Soyez assurés que nous avons à coeur de permettre aux territoires de répondre aux préoccupations des citoyens, et de faire en sorte que la durabilité, le développement économique, le désenclavement, le souci de la qualité et de la régularité, soient traduits par des investissements utiles. Chaque euro d'argent public investi doit être efficace. Les relations de confiance qui existent désormais entre l'État et les collectivités territoriales nous permettent de mener un dialogue équilibré, de mieux hiérarchiser les enjeux, mais aussi de jouer de la complémentarité des modes de transport à court, moyen et long terme.
Bon nombre de questions seront évoquées, notamment celle des transports quotidiens en région parisienne. M. le Premier ministre annoncera les priorités du Gouvernement dans quelques jours. Je ne me prononcerai évidemment pas avant lui. Toutefois, avec notamment mes collègues Cécile Duflot et François Lamy, chargé de la politique de la ville, nous aurons à coeur d'améliorer la qualité des transports en commun, afin que nos concitoyens leur fassent à nouveau confiance.

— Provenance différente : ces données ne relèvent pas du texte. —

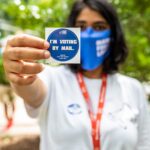 Rhea Wunsch holds up an "I'm voting by mail" sticker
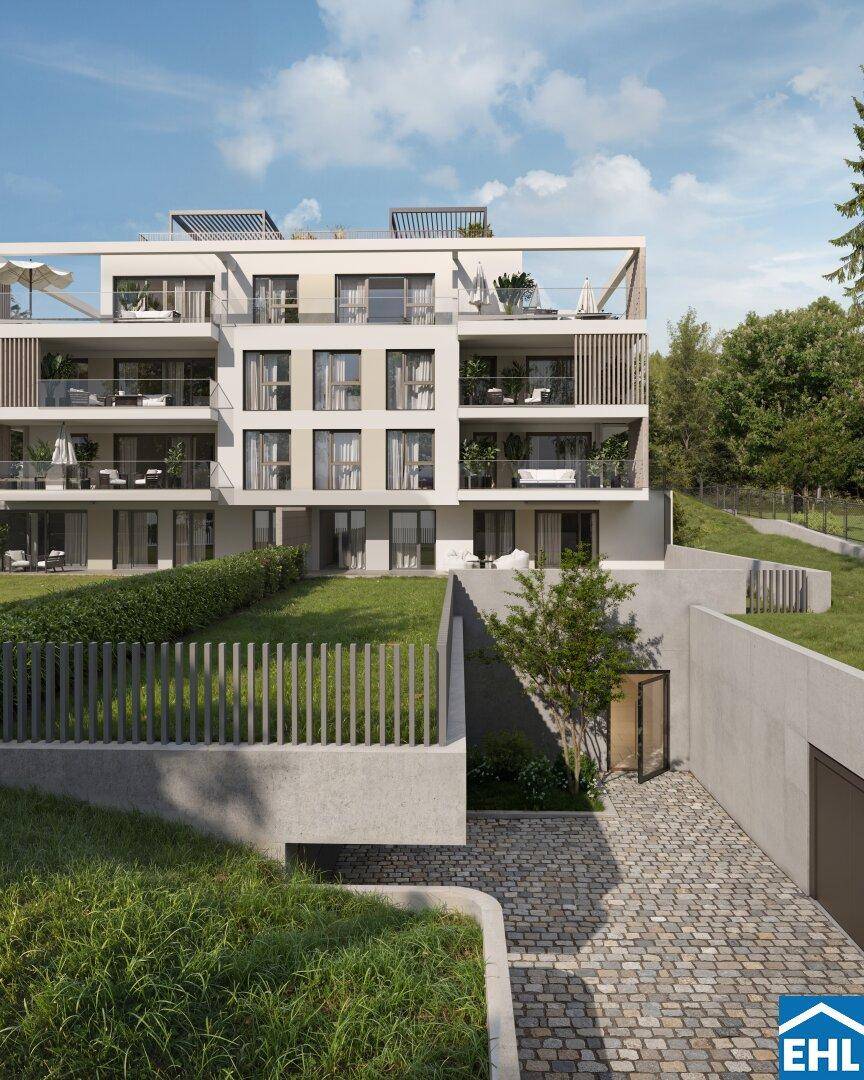 Außenansicht des modernen Gebäudes mit privaten Gärten und Zugang zur Tiefgarage.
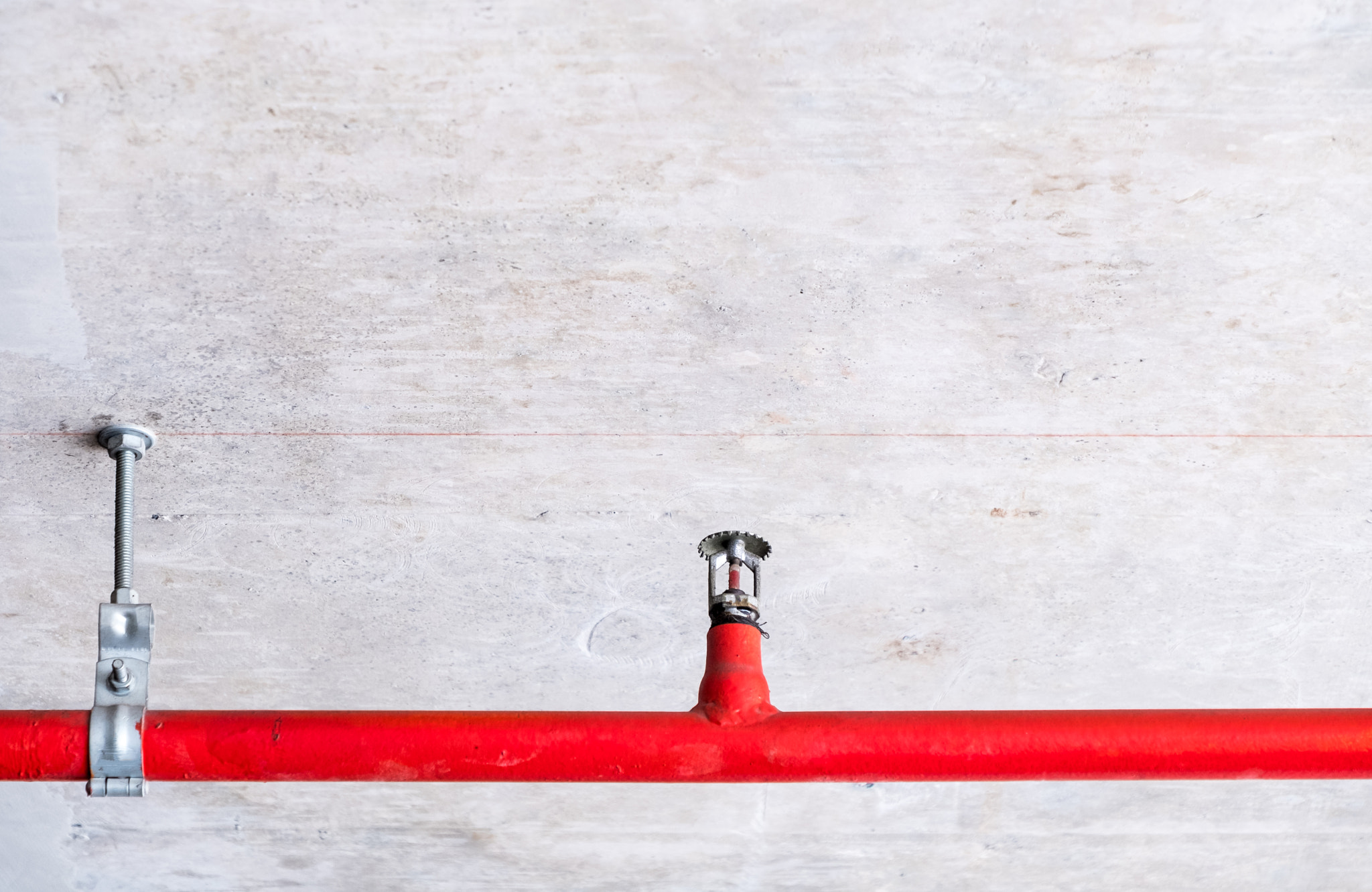 Automatic fire sprinkler on the red metal pipe.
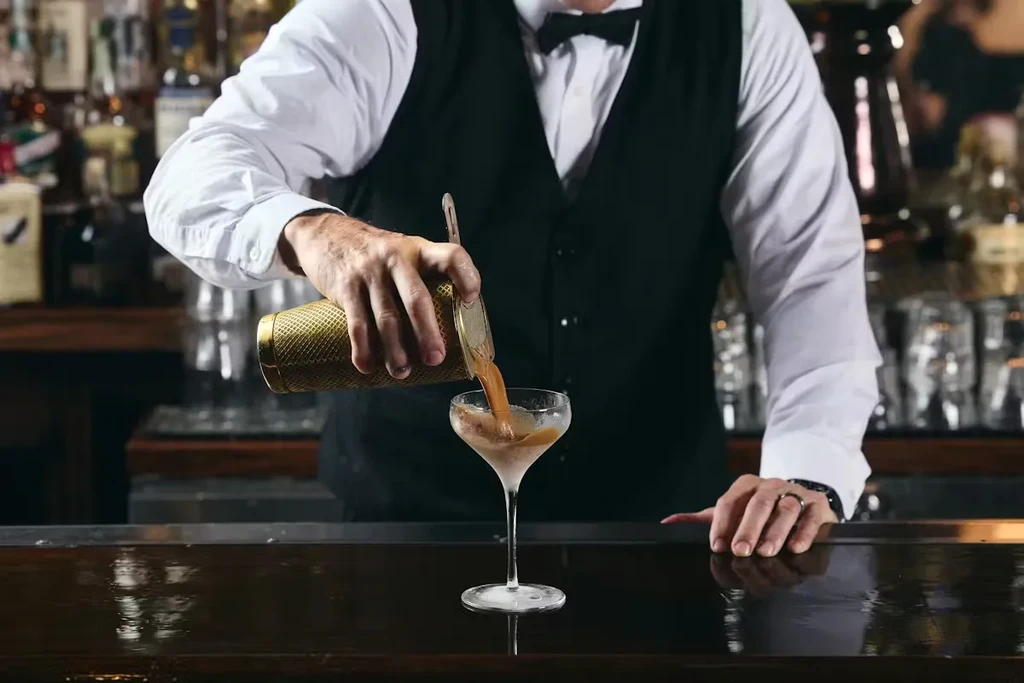 Bartender pours dark amber cocktail from golden shaker into stemmed glass.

L'ensemble des opérateurs doit se mobiliser de la manière la plus ferme qui soit. Je pense notamment à la RATP, pour ce qui est de la région parisienne, à la SNCF et à RFF ; une meilleure coordination de ces opérateurs nous permettra d'optimiser, de rendre plus efficaces les transports publics. Une co-construction des enjeux ferroviaires nous permettra de répondre aux attentes légitimes. Cela sera aussi l'enjeu de la réforme ferroviaire que je vous présenterai prochainement.
Bon nombre d'autres sujets pourraient être évoqués. Certains d'entre vous, préoccupés par les attentes de leurs concitoyens et les intérêts des acteurs économiques, ne manqueront pas de les souligner. C'est vrai des transports fluviaux. Là encore, le Gouvernement se prononcera dans quelques jours sur la réorientation d'un projet majeur : le canal Seine-Nord Europe.